Process Design and Analysis of Aromatics Production from Coal via Methanol with a High Yield

Abstract

Producing aromatics from coal via methanol is a novel technology, which could mitigate the energy shortage in a petroleum-poor area. However, the selectivity of methanol to aromatics is merely 40–70 wt % due to the byproducts of light hydrocarbons. In this paper, three novel designs are proposed to improve the aromatics yield by directly or indirectly converting light hydrocarbons into aromatics. In addition, cofeeding of coal and natural gas is applied in two of the three designs.
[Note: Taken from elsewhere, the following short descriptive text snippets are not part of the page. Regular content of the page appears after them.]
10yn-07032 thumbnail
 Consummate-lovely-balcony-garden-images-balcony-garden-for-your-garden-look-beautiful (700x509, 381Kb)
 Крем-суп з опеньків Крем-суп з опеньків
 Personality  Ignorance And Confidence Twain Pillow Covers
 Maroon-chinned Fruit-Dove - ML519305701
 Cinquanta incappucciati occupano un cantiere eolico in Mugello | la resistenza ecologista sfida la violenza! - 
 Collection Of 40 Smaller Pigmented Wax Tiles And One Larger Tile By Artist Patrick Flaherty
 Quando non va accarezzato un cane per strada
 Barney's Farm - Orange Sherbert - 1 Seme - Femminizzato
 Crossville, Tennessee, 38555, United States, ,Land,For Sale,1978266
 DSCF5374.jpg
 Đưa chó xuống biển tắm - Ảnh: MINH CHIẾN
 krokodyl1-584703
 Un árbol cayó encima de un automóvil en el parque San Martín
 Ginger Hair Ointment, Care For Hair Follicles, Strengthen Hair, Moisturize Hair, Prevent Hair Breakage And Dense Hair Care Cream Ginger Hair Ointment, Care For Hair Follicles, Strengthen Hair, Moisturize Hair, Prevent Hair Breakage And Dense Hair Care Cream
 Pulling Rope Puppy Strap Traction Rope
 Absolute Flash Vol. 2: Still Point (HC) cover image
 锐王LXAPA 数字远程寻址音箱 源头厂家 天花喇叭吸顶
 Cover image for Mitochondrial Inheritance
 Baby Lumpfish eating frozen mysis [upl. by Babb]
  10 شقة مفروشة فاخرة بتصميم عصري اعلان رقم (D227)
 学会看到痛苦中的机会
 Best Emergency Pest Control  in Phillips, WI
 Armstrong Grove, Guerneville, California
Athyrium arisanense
On the basis of detailed process modeling and simulation, the process designs are assessed by mass balance, technoeconomic, and life cycle analyses. The results show that the aromatics yield is significantly improved by integrating light hydrocarbon conversion units. The CO₂ emissions and water consumption are notably decreased in the two cofeeding designs. In addition, the net present value of the design integrated with steam reforming of C₂– hydrocarbons and aromatization of C₃₊ hydrocarbons is the highest, about 1.9 times as much as that of the nonintegrated design. The cofeeding design integrated with steam reforming of C₂– hydrocarbons and aromatization of C₃₊ hydrocarbons leads to the lowest global warming potential and abiotic depletion potential, only 46.1 and 71.1% of the nonintegrated design, respectively. It implies that a more complex design shows better environmental performances.